More drug checkers means more drug checking. But what does that actually mean?
Let’s focus for a second on expansion into new areas and having more drug checking organisations on deck. This is huge. How huge?
Look, we’ve been saying since day dot that serving festival-goers with drug checking services is not addressing the majority drug harm in New Zealand. We’ve made no secret of the fact that our clientele through festivals are predominantly young, white, and wealthy.
It’s an unfortunate fact that this made getting the law changed easier. It made an easy and compelling argument to middle New Zealanders and politicians who had kids of festival-going age. When there was just enough political will to do something about it we lobbied these groups hard and helped push the new legislation through.

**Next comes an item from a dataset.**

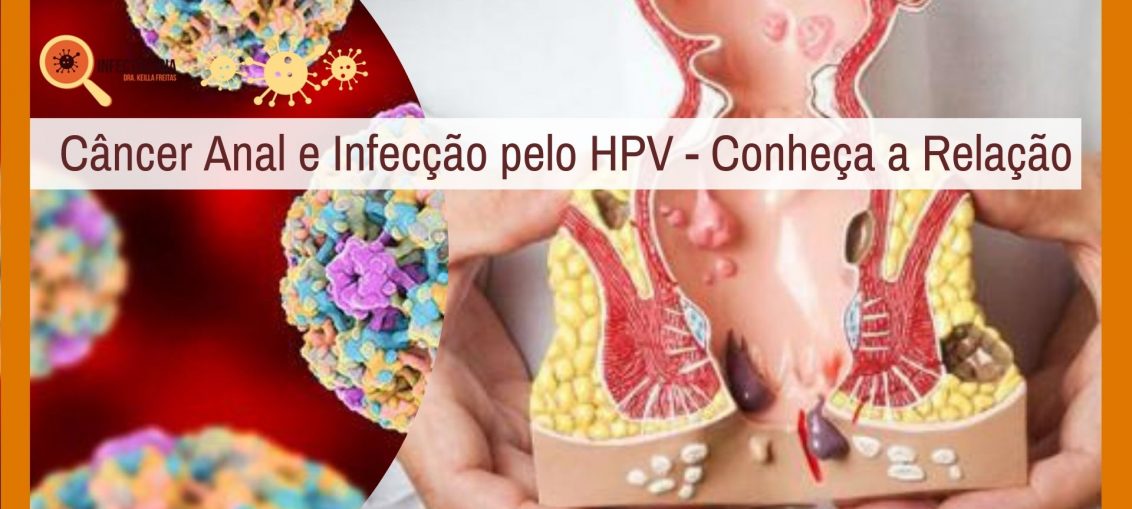 Infectologista - Câncer Anal e Infecção pelo HPV – Conheça a Relação Infectologista - Câncer Anal e Infecção pelo HPV – Conheça a Relação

The great part of law changes is that they apply to everyone. Moving drug checking from a “la la la fingers in the ears” area where the authorities turn a blind eye to what we do to a legally protected one opened up the door for other organisations who have relationships in more vulnerable and less privileged communities to get their drug checking licence, buy spectrometers, train their staff, and start serving their communities.

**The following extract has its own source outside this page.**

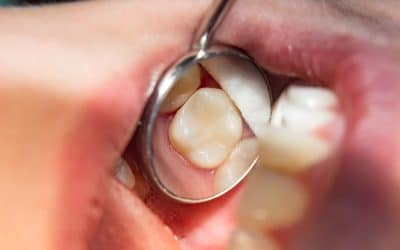 Dental Fillings: Everything You Need to Know in Franklin, TN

Why is this big? Ok so the main way that drug checking reduces harm is that it identifies the substance the person is taking. Once you know what you’ve got, you can work out your dose, what’s the best way to take it, and what you need to do to mitigate any risks. This means that the risk of accidental overdose from substances that have extra psychoactives in them or substances that have been substituted for something else is massively reduced. You can imagine what that would mean to someone who is part of a vulnerable community and doesn’t have access to stigma-free information and/or healthcare.
What next?
We’ve had one law changed…why not more? There’s a word for people that do the same thing over and over again expecting different results, and we’ve outlined just how badly the Misuse of Drugs Act 1975 has failed the people of Aotearoa in the last 4 blogs we’ve written.
Read the MoDA Has to go Part 1: How it started
Read the MoDA Has to go Part 2: The War on “Drugs”
Read the MoDA Has to go Part 3: How it’s going
Read the MoDA Has to go Part 4: The changes Aotearoa deserves
But we also appreciate change makes people nervous and takes time. So our first baby steps are:
- Safe consumption sites for people who take drugs. We already have them, they’re called bars. So why can’t we extend that model to other drugs?
- Remove ‘random’ drug testing in the workplace.
Read us getting spicy over random drug checking, prescription psychoactives and employment law
So watch this space. It took us 5 years to get drug checking legalised, maybe these won’t take as long?